EX-5.4 19 ex5-4opinionofvoryssaterse.htm OPINION OF VORYS SATER SEYMOUR AND PEASE EX5-4OpinionofVorysSaterSeymourandPease

Exhibit 5.4
[LETTERHEAD OF VORYS, SATER, SEYMOUR AND PEASE LLP]
January 21, 2014
Post Holdings, Inc.
2503 Hanley Road
St. Louis, Missouri 63144
Re:
Form S-4 Registration Statement
Ladies and Gentlemen:
We have acted as special counsel to DNA Dreamfields Company, LLC, an Ohio limited liability company (the “Company”), in connection with the Registration Statement on Form S-4 filed by Post Holdings, Inc., a Missouri corporation (the “Issuer”) and the other registrants, including the Company and the other guarantors named therein (collectively, the “Guarantors”) on the date hereof, with the Securities and Exchange Commission under the Securities Act of 1933, as amended (the “Securities Act”), and the Trust Indenture Act of 1939, as amended (the “Registration Statement”). Upon effectiveness of the Registration Statement, the Issuer and Guarantors propose to offer to exchange (the “Exchange Offer”) an aggregate principal amount of up to $350,000,000 of the Issuers’ 7.375% Senior Notes due 2022 (collectively, the “New Notes”) and the guarantees thereof by the Guarantors, registered under the Securities Act for an equal aggregate principal amount of the Issuers outstanding 7.375% Notes due 2022 and the guarantees thereof by the Guarantors. The Exchange Offer will be made pursuant to the Registration Rights Agreement, dated July 18, 2013 (the “Registration Rights Agreements”), by and among the Issuers, the Guarantors, and Credit Suisse Securities (USA) LLC, Barclays Capital Inc., J.P. Morgan Securities LLC, BMO Capital Markets Corp., Goldman, Sachs & Co., Nomura Securities International, Inc., SunTrust Robinson Humphrey, Inc. and Wells Fargo Securities, LLC, as representatives of the several initial purchasers named therein, which Registration Rights Agreement is incorporated by reference as Exhibit 4.3 to the Registration Statement.
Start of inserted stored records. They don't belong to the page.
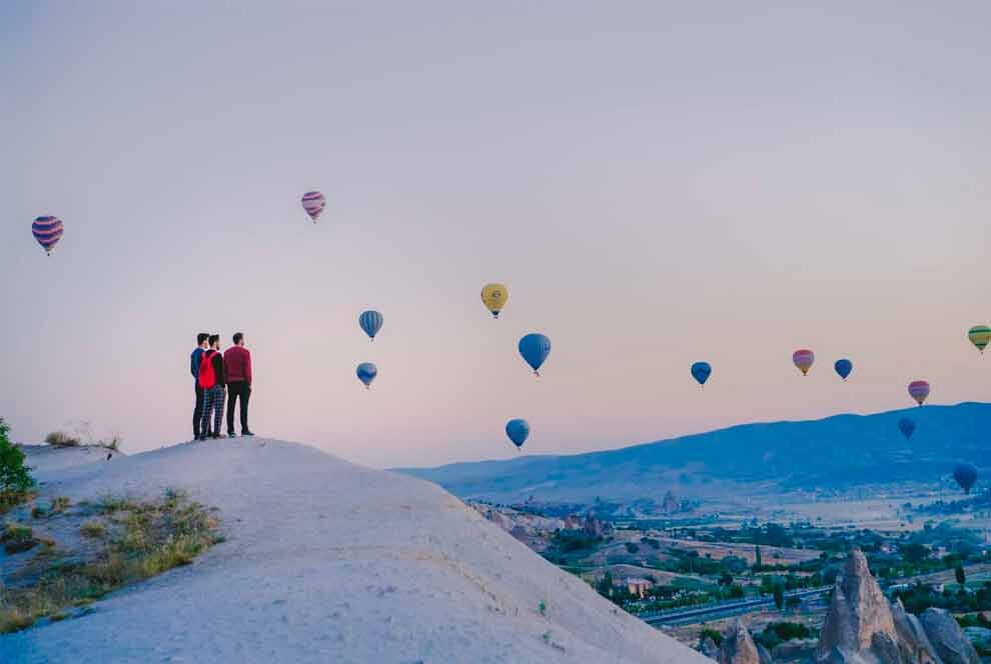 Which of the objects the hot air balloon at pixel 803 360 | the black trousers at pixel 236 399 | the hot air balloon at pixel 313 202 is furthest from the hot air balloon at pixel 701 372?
the black trousers at pixel 236 399

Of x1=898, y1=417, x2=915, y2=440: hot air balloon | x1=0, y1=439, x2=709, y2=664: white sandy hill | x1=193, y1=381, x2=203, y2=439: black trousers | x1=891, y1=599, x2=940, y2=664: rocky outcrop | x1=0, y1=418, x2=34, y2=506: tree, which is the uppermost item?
x1=898, y1=417, x2=915, y2=440: hot air balloon

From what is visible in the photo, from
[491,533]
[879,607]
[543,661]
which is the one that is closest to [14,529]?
[491,533]

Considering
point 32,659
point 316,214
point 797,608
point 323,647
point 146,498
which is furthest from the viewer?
point 797,608

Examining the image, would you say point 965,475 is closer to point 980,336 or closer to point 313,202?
point 980,336

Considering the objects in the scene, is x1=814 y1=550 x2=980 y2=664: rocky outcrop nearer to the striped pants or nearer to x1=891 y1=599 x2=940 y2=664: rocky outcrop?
x1=891 y1=599 x2=940 y2=664: rocky outcrop

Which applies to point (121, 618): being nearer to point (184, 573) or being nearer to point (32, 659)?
point (32, 659)

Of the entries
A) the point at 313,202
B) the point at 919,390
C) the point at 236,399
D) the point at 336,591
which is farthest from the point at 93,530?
the point at 919,390

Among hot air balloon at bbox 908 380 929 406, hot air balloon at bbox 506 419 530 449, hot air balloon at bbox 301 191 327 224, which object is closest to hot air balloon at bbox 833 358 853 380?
hot air balloon at bbox 908 380 929 406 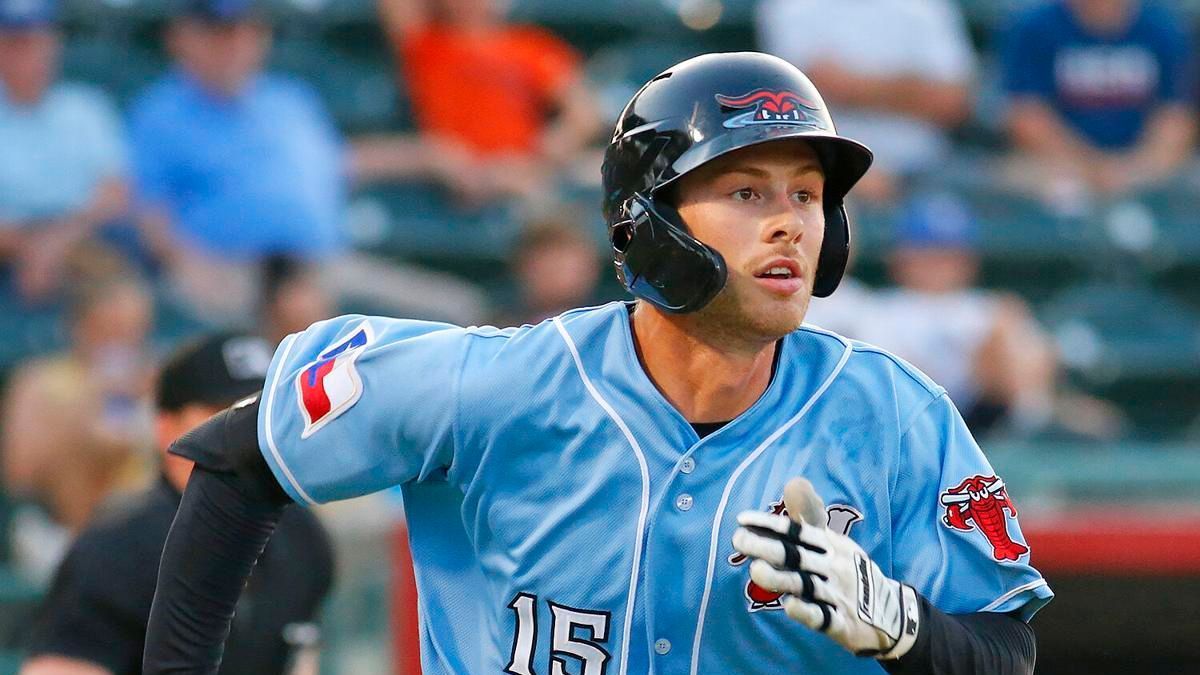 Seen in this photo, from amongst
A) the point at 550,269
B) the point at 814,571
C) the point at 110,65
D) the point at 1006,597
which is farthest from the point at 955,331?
the point at 814,571

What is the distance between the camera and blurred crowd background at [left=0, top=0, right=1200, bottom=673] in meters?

The New Notes and the New Guarantees are to be issued pursuant to the terms of the Indenture, dated February 3, 2012 and supplemented on (i) May 28, 2013, (ii) September 3, 2013 and (iii) January 13, 2014 (the “Supplement” and the Indenture, as so supplemented, the “Indenture”) by and among the Issuer, the Guarantors and Wells Fargo Bank, N.A., as trustee, which Indenture is incorporated by reference as Exhibit 4.1 to the Registration Statement.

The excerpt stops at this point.